4m was even worse. This was even further out but too high in frequency meaning there was no cutting to be done. I decided that although tri band would be nice my 7610 doesn’t have 4m so I would need to set up the 7300 so for now I would just ditch 4m. We removed the 4m elements and wound the antenna back up to check things hadn’t changed much. 10m resonance changed very slightly, no noticeable effect on 6m, which is encouraging for adding 4m back on at a later date.
I used the simulation to find out how much to shorten the 6m elements by then dug out the hacksaw and cut off exactly 12mm from each end.
On 10m I looked to see how much I needed to move the ends out to get closer to my preferred lower resonance point. Really it was more than 20mm, but as there is so little tube in the joints I figured 20mm would have to do.
We wound the mast back up and the SWR curves we really good, just where I wanted them.

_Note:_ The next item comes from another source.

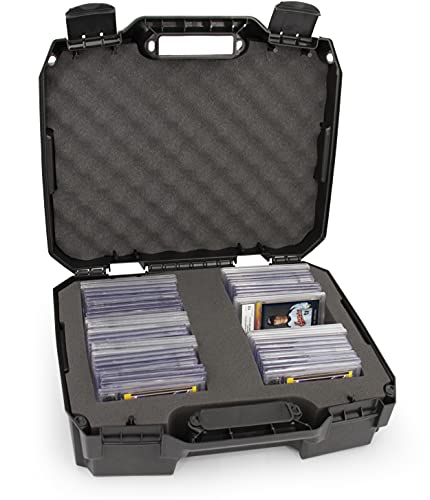 CASEMATIX Graded Card Case Compatible with 60+ BGS PSA FGS SGC Graded Sports Trading Cards, Rugged Graded Slab Card Storage Box with Custom Card Carrying Case Impact Absorbing Dual Foam Slots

The proof of the pudding is of course, does it work? I had a couple of hours operating on FT8. 6m wasn’t that great though I did get a couple across the pond, my first ever on 6m. I spent more time on 10m and got some decent DX. I have only ever made about 5 QSOs before on 10m with my cobweb so it was good fun. 6m QSOs are orange.
The same weekend was the 50MHz R1 contest where I had a few hours operating. I missed the best Es but got a few, and around the UK in very poor conditions locally:
Whilst I appreciate this antenna is more at the budget end of the market and is nicely lightweight which I favour personally, I must say I am glad I didn’t pay for it myself. The ‘ugly’ balun is a shortcut that might very well be adequate (IF it was actually soldered !!) and work but the miles off tune 6m and 4m elements cannot be forgiven. It took me minutes in the free 4NEC2 program to prove that the 6m would never work in band. For someone who is less ‘handy’ with making antennas (eg someone likely to buy a ready made antenna…) as it was supplied only 10m was usable and that only if spring tension in the RG188 happened to make contact with the driven element.
It’s a great shame as it’s so nearly there. More attention to detail (at no real extra cost – better slits in the 10m centre parts, move N type up so you can use decent feeder, few more inches insertion on the 10m outer elements, check soldering is soldered etc) and this would be a viable alternative to making your own. For me it was a simple task to adapt what I had to work and saved me some many hours of ordering and making but I do know for less cost I would have an almost equally lightweight version but one where it could take a pigeon sitting on the ends of the 10m moxon.